→ Your task: The lines from the start of the records through the one containing "Ada i Gloria 1: Ada dostaje kucyka" are to be restated word for word; please include both ends.

Web page caption snippets:
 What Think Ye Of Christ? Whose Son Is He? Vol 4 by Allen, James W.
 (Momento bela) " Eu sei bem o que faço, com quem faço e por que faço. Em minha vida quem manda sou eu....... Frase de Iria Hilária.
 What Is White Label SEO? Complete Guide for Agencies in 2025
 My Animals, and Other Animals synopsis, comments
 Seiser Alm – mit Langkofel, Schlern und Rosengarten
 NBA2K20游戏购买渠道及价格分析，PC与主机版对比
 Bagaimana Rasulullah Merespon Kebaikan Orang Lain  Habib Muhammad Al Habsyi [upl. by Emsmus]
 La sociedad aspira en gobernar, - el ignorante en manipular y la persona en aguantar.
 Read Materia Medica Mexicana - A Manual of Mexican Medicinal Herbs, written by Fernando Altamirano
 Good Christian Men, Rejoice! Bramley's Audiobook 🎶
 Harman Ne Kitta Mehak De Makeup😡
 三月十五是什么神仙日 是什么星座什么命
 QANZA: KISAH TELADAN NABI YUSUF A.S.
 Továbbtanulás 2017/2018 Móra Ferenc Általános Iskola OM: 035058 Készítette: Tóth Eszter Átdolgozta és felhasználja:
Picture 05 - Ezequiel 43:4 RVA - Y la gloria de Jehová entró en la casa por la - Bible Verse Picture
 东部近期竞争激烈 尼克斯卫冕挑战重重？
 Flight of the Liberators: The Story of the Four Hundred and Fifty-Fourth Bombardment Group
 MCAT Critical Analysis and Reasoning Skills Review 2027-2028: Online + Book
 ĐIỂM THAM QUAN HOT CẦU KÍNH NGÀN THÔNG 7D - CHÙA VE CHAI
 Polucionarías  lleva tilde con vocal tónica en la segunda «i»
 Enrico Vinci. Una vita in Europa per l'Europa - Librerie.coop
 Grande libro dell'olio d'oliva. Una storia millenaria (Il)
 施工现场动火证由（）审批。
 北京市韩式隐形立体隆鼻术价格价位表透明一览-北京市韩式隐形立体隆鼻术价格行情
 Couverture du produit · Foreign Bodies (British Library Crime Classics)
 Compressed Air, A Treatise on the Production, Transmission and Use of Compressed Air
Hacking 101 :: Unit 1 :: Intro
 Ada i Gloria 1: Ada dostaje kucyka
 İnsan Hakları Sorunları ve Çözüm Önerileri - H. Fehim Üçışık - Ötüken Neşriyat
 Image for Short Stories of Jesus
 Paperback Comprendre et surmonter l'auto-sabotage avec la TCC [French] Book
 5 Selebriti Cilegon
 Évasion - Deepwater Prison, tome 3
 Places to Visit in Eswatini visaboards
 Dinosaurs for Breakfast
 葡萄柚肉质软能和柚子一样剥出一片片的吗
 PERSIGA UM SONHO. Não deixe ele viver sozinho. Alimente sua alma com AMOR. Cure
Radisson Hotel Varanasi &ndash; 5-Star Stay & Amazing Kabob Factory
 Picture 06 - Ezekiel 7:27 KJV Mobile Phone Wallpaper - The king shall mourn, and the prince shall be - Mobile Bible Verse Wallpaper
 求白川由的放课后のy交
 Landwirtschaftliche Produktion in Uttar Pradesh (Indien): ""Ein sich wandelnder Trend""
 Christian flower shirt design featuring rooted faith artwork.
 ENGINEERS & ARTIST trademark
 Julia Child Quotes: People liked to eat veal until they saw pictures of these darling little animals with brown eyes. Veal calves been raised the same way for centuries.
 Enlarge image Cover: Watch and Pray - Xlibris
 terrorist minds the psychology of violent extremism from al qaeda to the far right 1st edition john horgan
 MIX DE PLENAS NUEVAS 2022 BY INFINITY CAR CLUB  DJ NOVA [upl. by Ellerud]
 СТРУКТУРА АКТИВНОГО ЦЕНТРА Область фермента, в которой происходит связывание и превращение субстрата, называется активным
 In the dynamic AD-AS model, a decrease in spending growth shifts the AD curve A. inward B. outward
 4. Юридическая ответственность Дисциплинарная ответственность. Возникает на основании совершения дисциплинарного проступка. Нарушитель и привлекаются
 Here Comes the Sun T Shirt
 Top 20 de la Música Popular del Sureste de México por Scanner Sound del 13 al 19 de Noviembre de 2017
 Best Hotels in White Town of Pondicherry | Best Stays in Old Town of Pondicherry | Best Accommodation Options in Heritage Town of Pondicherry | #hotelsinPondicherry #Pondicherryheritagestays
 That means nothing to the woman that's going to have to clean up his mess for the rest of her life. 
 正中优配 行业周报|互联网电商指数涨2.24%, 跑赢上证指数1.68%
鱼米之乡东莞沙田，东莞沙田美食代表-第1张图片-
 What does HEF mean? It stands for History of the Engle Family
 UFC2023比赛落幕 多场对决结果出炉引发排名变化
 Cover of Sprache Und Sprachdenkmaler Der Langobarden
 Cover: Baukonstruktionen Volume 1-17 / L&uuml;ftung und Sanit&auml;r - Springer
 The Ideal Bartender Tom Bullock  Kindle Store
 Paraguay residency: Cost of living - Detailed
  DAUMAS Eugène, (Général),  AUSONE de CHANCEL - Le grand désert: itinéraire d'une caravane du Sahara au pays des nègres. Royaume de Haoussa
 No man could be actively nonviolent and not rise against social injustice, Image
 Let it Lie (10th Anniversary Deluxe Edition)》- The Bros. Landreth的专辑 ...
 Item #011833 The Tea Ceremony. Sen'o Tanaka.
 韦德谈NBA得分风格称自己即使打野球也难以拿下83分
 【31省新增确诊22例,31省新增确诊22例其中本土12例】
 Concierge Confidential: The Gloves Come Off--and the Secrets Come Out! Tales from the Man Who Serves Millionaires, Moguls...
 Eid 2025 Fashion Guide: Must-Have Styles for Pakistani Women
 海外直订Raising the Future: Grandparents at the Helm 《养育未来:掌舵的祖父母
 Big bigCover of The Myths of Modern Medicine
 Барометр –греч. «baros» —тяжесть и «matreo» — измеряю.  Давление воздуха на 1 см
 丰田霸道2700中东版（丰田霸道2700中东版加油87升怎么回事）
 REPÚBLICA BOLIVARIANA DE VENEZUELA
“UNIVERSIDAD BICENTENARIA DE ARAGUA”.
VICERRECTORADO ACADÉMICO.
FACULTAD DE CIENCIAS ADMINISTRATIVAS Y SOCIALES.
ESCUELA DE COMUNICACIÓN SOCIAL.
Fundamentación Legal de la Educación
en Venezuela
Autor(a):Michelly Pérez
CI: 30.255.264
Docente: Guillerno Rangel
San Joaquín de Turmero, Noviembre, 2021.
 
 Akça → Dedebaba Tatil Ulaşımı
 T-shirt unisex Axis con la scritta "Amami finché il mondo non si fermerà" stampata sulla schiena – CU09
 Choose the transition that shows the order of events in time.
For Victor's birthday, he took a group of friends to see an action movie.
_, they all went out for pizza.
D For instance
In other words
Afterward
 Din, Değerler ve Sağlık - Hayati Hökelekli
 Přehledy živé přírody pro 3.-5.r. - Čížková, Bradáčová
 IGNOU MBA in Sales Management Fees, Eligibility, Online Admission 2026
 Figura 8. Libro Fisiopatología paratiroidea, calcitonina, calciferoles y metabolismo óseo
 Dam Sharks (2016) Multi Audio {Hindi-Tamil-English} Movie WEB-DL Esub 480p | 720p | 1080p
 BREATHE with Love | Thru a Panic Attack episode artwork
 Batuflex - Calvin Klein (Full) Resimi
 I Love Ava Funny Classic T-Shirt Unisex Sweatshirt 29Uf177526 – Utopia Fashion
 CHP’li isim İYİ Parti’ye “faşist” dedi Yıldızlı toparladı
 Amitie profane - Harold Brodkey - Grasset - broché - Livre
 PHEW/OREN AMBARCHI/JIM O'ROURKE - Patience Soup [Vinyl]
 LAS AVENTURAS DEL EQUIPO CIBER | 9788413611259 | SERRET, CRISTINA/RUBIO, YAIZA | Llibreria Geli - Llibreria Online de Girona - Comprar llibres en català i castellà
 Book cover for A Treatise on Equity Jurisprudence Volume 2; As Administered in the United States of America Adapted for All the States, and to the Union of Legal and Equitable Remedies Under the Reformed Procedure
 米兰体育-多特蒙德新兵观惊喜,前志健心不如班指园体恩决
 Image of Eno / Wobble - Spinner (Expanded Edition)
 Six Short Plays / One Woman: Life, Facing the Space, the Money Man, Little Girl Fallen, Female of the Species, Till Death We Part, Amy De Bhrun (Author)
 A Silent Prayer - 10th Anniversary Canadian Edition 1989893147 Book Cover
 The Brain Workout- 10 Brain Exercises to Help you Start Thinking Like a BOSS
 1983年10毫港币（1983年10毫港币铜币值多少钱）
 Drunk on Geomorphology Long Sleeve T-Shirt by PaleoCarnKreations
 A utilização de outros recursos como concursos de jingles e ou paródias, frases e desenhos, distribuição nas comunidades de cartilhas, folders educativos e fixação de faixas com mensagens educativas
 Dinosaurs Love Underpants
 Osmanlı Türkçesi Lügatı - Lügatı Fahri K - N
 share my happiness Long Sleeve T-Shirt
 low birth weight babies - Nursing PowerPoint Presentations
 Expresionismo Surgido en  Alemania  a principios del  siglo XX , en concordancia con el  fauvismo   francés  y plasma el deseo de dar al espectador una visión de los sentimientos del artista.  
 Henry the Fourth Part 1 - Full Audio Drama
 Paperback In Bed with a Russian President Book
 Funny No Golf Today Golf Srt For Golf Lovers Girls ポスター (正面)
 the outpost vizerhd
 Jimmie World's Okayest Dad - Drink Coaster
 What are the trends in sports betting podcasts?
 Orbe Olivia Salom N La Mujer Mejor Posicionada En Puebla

→ Response below:
 What Think Ye Of Christ? Whose Son Is He? Vol 4 by Allen, James W.
 (Momento bela) " Eu sei bem o que faço, com quem faço e por que faço. Em minha vida quem manda sou eu....... Frase de Iria Hilária.
 What Is White Label SEO? Complete Guide for Agencies in 2025
 My Animals, and Other Animals synopsis, comments
 Seiser Alm – mit Langkofel, Schlern und Rosengarten
 NBA2K20游戏购买渠道及价格分析，PC与主机版对比
 Bagaimana Rasulullah Merespon Kebaikan Orang Lain  Habib Muhammad Al Habsyi [upl. by Emsmus]
 La sociedad aspira en gobernar, - el ignorante en manipular y la persona en aguantar.
 Read Materia Medica Mexicana - A Manual of Mexican Medicinal Herbs, written by Fernando Altamirano
 Good Christian Men, Rejoice! Bramley's Audiobook 🎶
 Harman Ne Kitta Mehak De Makeup😡
 三月十五是什么神仙日 是什么星座什么命
 QANZA: KISAH TELADAN NABI YUSUF A.S.
 Továbbtanulás 2017/2018 Móra Ferenc Általános Iskola OM: 035058 Készítette: Tóth Eszter Átdolgozta és felhasználja:
Picture 05 - Ezequiel 43:4 RVA - Y la gloria de Jehová entró en la casa por la - Bible Verse Picture
 东部近期竞争激烈 尼克斯卫冕挑战重重？
 Flight of the Liberators: The Story of the Four Hundred and Fifty-Fourth Bombardment Group
 MCAT Critical Analysis and Reasoning Skills Review 2027-2028: Online + Book
 ĐIỂM THAM QUAN HOT CẦU KÍNH NGÀN THÔNG 7D - CHÙA VE CHAI
 Polucionarías  lleva tilde con vocal tónica en la segunda «i»
 Enrico Vinci. Una vita in Europa per l'Europa - Librerie.coop
 Grande libro dell'olio d'oliva. Una storia millenaria (Il)
 施工现场动火证由（）审批。
 北京市韩式隐形立体隆鼻术价格价位表透明一览-北京市韩式隐形立体隆鼻术价格行情
 Couverture du produit · Foreign Bodies (British Library Crime Classics)
 Compressed Air, A Treatise on the Production, Transmission and Use of Compressed Air
Hacking 101 :: Unit 1 :: Intro
 Ada i Gloria 1: Ada dostaje kucyka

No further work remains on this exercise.